== WORK TO COMPLETE ==
What you hand back must match the records word for word, with no pictures.

Web page caption snippets:
----------------

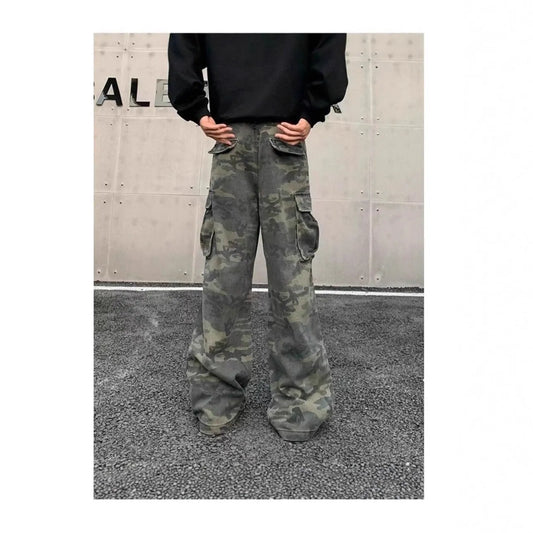 American vintage washed camouflage cargo pants with multiple pockets, Korean-style cut, and mid-waist design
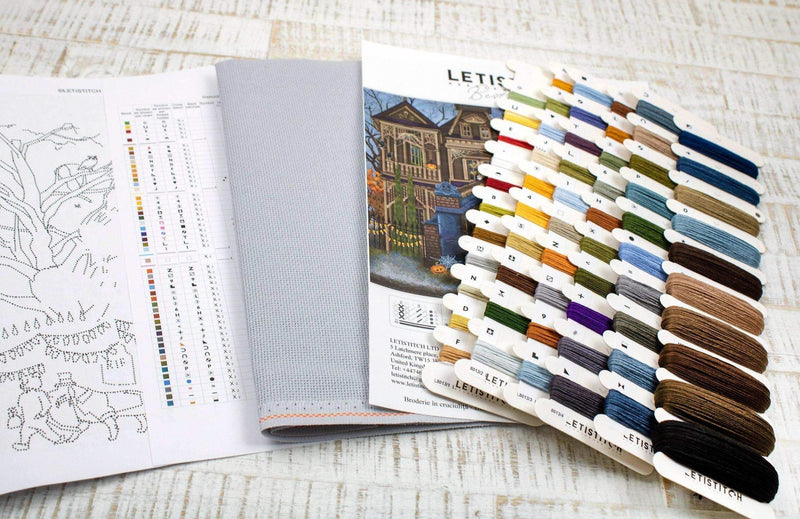 Cross Stitch Kit LetiStitch - Moonlight Manor - HobbyJobby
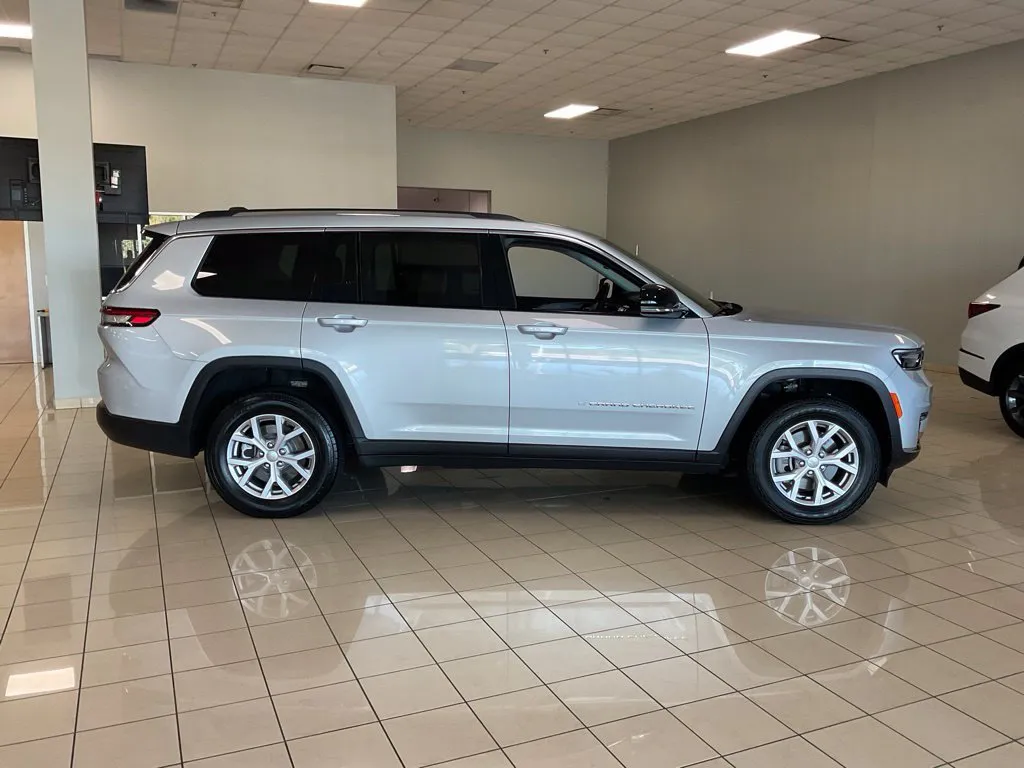 Jeep Grand Cherokee L photo 7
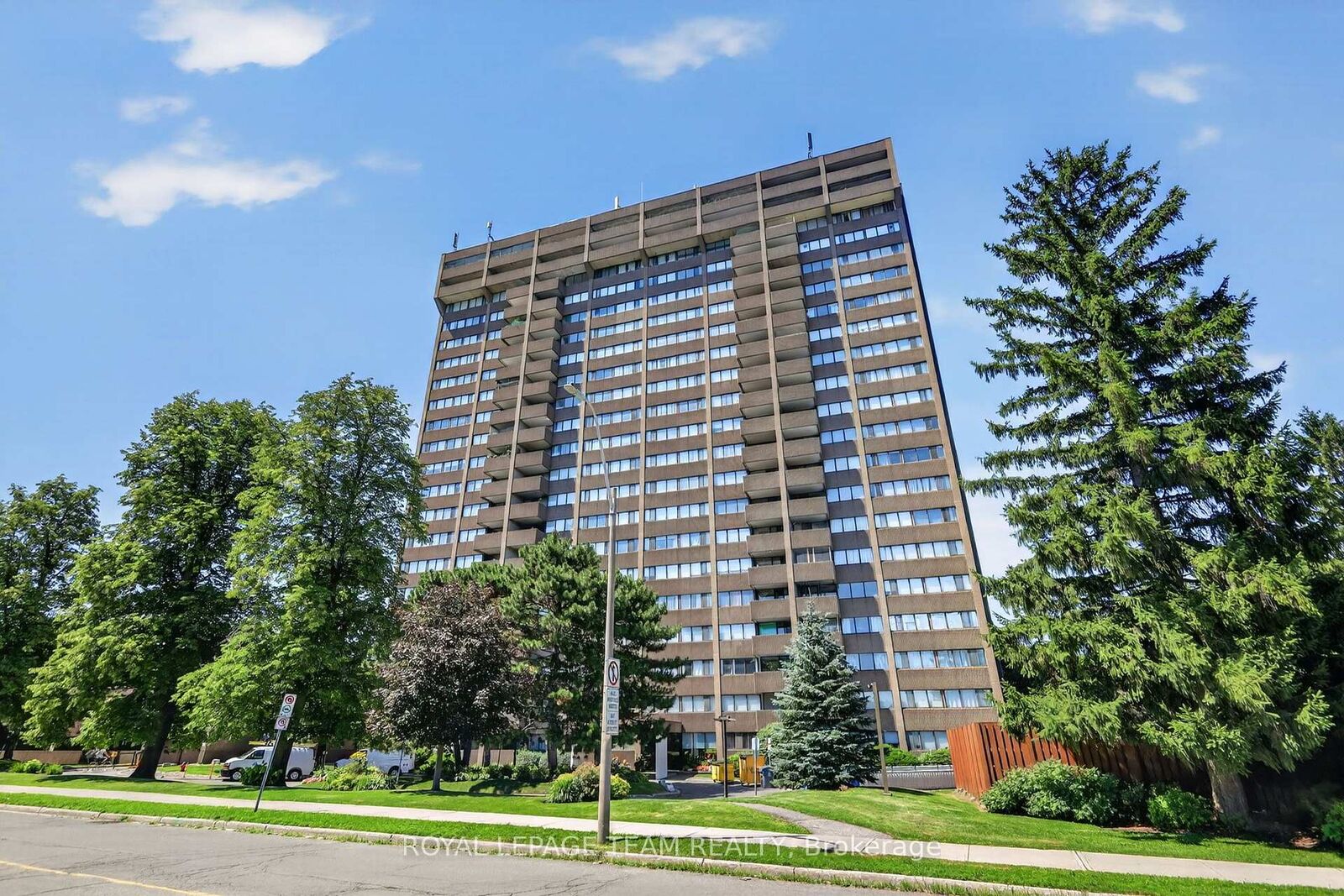 Property Photo: 1285 Cahill Drive 705 ON K1V 9A7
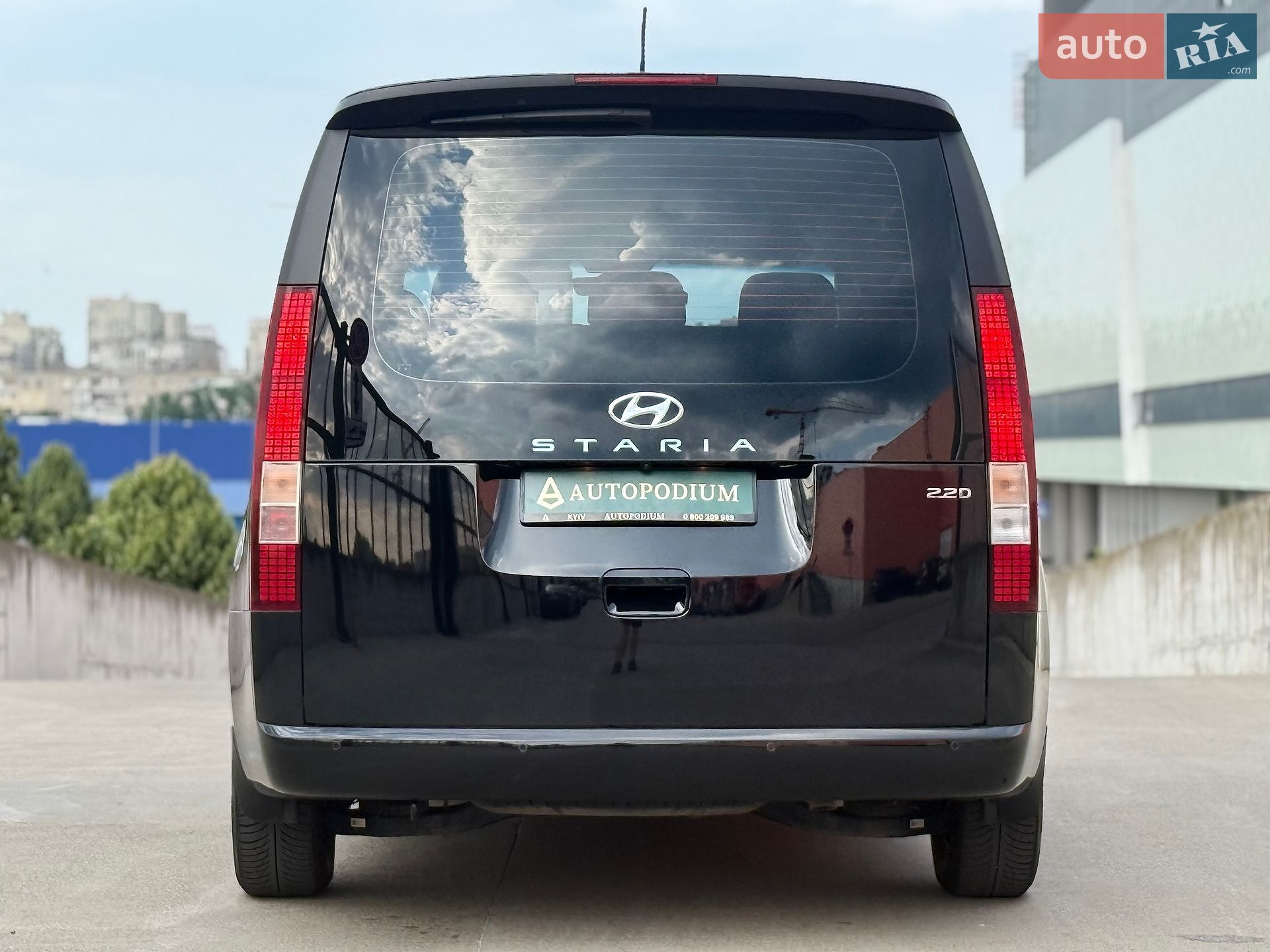 Hyundai Staria 2023 VIN KMHYC811BPU100658 фото оголошення 13 з 58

----------------

== YOUR SOLUTION ==
 American vintage washed camouflage cargo pants with multiple pockets, Korean-style cut, and mid-waist design
 Cross Stitch Kit LetiStitch - Moonlight Manor - HobbyJobby
 Jeep Grand Cherokee L photo 7
 Property Photo: 1285 Cahill Drive 705 ON K1V 9A7
 Hyundai Staria 2023 VIN KMHYC811BPU100658 фото оголошення 13 з 58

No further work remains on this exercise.